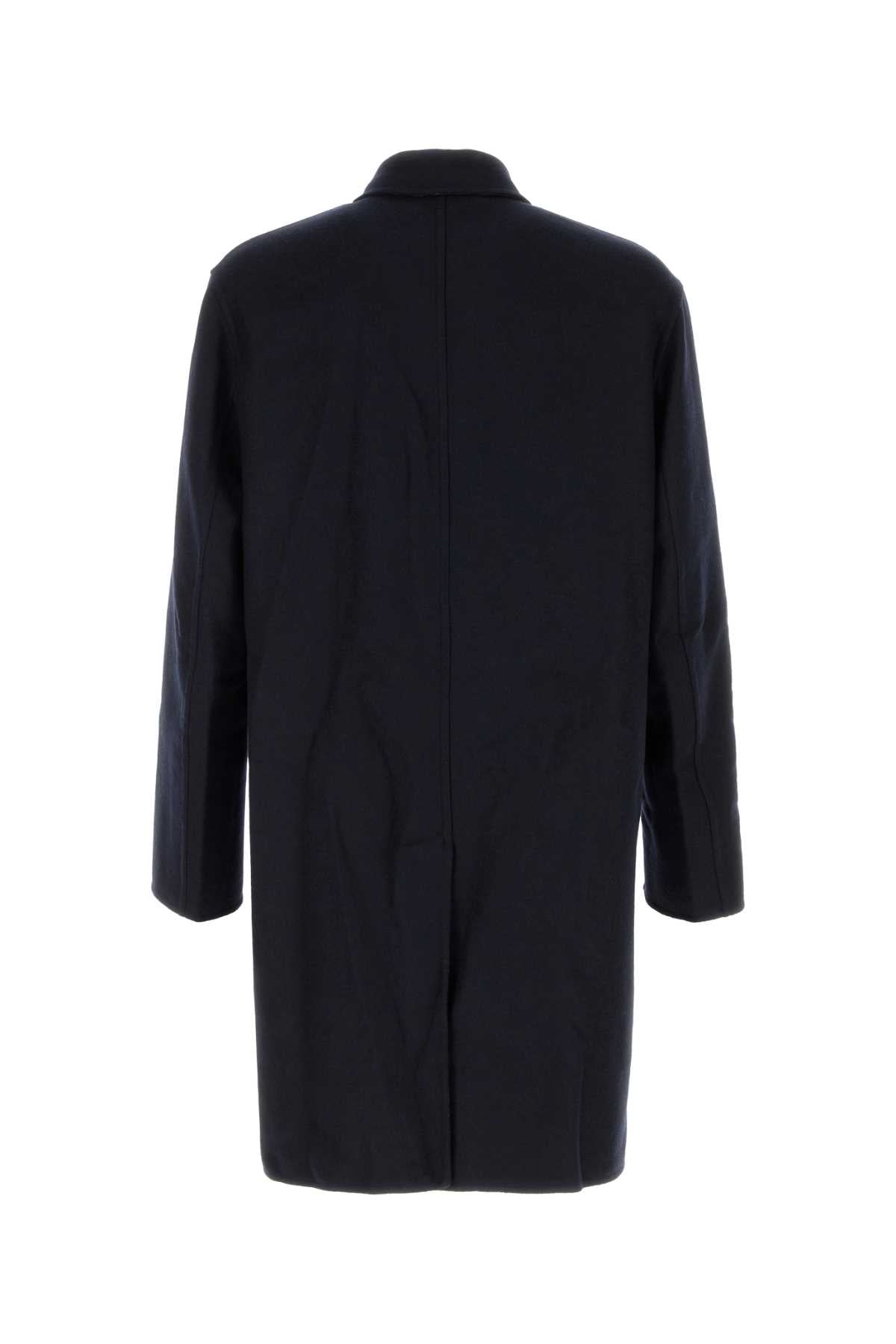 Etro Wool Blend Reversible Coat — Navy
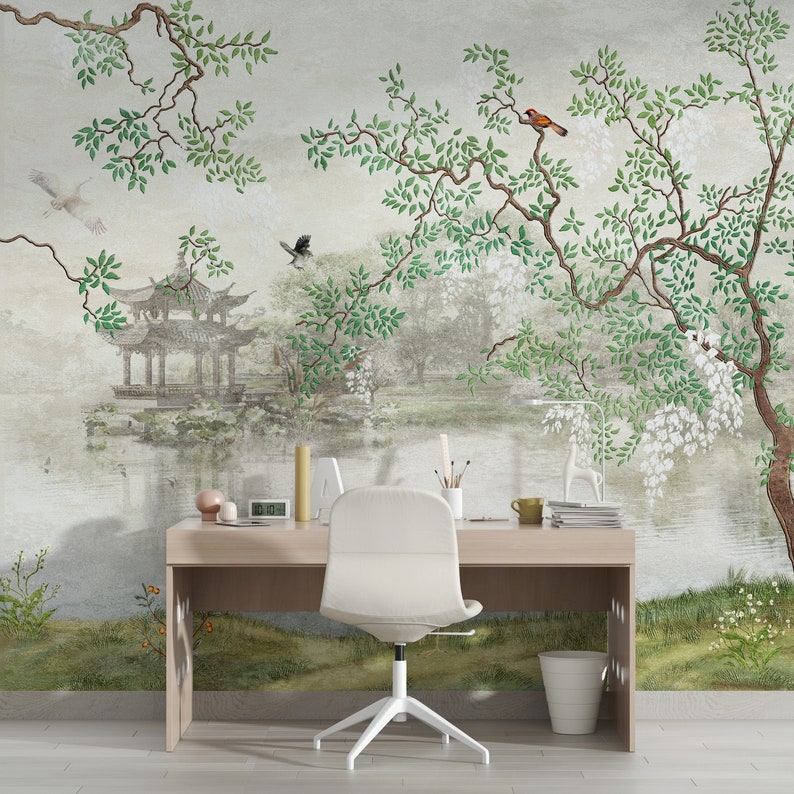 Chinoiserie Wallpaper Peel and Stick Wallpaper Wall Mural Wall Etsy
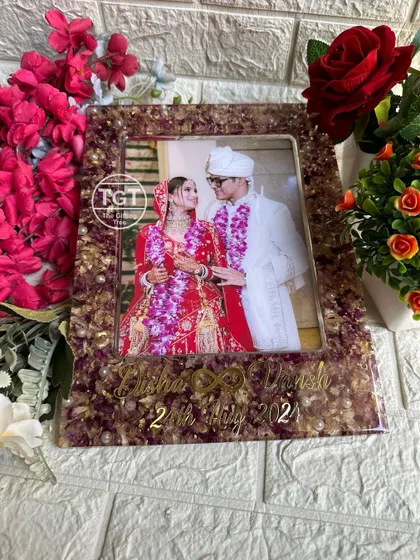 A clear, frontal shot of the rectangular photo frame, perfect for seeing the entire composition.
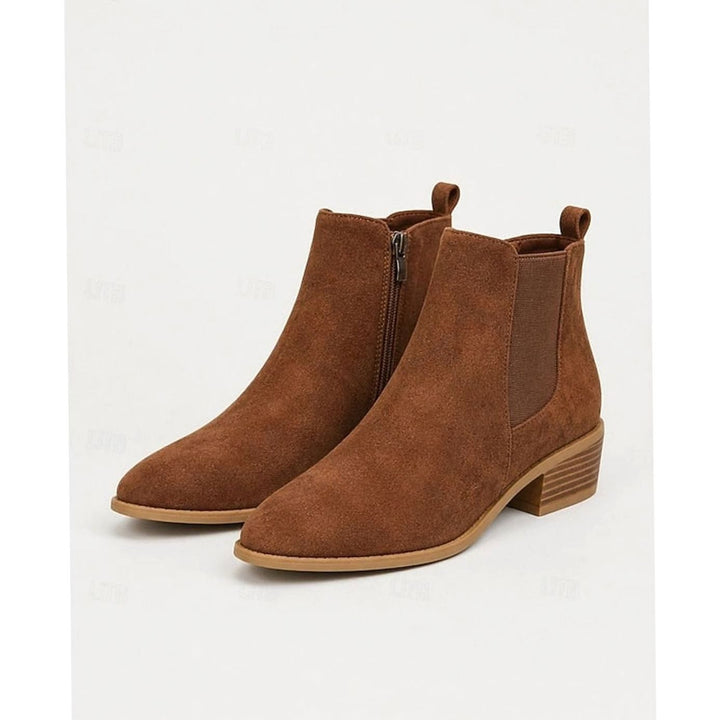 Women's Pointed-Toe Block Heel Side-Zip Chelsea Ankle Boots - Dark Brown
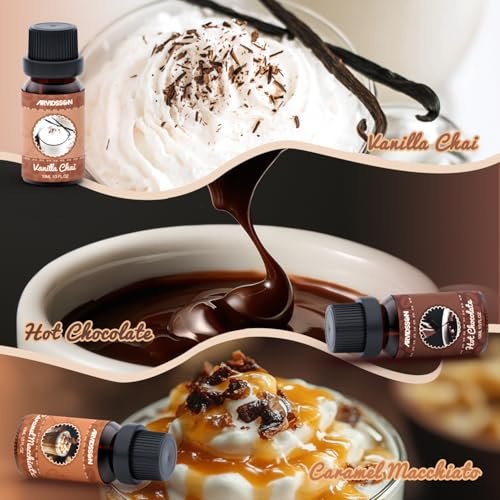 ARVIDSSON Kaffeduft-Öl-Set, Premium ätherische Öle für Diffuser – Espresso, Vanille Chai, Heiße Schokolade, Blaubeer-Muffin, Eierlikör-Latte, Karamell-Macchiato – Kaffeeladen-Duftöle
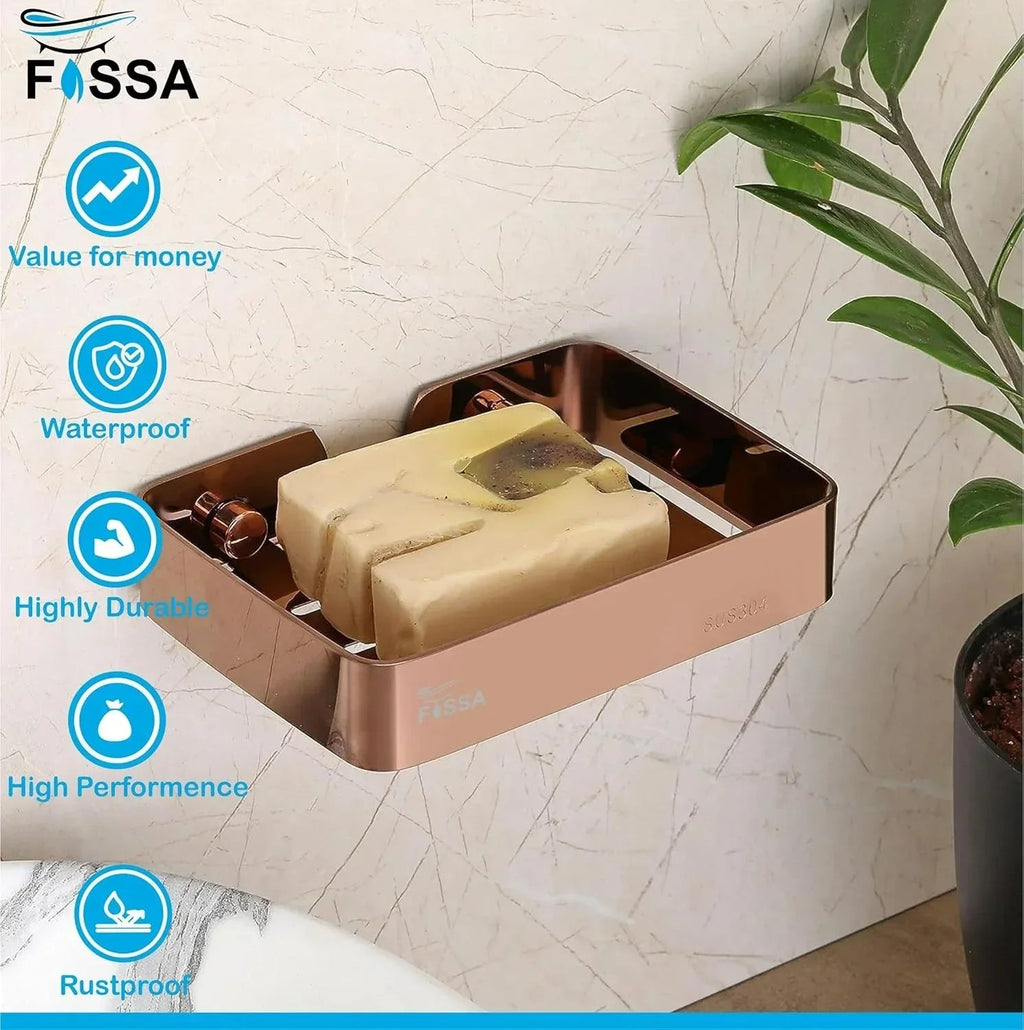 Square stainless steel wall mounted soap dish in matte rose gold finish for modern bathrooms — view 4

**PROBLEM DESCRIPTION**
Could you restate the material word for word, omitting the pictures?

**SOLUTION TO THIS TASK**
 Etro Wool Blend Reversible Coat — Navy
 Chinoiserie Wallpaper Peel and Stick Wallpaper Wall Mural Wall Etsy
 A clear, frontal shot of the rectangular photo frame, perfect for seeing the entire composition.
 Women's Pointed-Toe Block Heel Side-Zip Chelsea Ankle Boots - Dark Brown
 ARVIDSSON Kaffeduft-Öl-Set, Premium ätherische Öle für Diffuser – Espresso, Vanille Chai, Heiße Schokolade, Blaubeer-Muffin, Eierlikör-Latte, Karamell-Macchiato – Kaffeeladen-Duftöle
 Square stainless steel wall mounted soap dish in matte rose gold finish for modern bathrooms — view 4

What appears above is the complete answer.